- Task requirements:
Go through the material below and copy each line exactly.

- Study material:
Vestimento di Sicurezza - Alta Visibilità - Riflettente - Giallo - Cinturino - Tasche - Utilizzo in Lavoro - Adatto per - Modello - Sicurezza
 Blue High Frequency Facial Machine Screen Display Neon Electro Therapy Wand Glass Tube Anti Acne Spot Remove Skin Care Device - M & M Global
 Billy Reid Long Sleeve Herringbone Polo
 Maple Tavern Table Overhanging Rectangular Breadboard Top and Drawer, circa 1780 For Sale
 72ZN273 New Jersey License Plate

- Solution to this task:
Vestimento di Sicurezza - Alta Visibilità - Riflettente - Giallo - Cinturino - Tasche - Utilizzo in Lavoro - Adatto per - Modello - Sicurezza
 Blue High Frequency Facial Machine Screen Display Neon Electro Therapy Wand Glass Tube Anti Acne Spot Remove Skin Care Device - M & M Global
 Billy Reid Long Sleeve Herringbone Polo
 Maple Tavern Table Overhanging Rectangular Breadboard Top and Drawer, circa 1780 For Sale
 72ZN273 New Jersey License Plate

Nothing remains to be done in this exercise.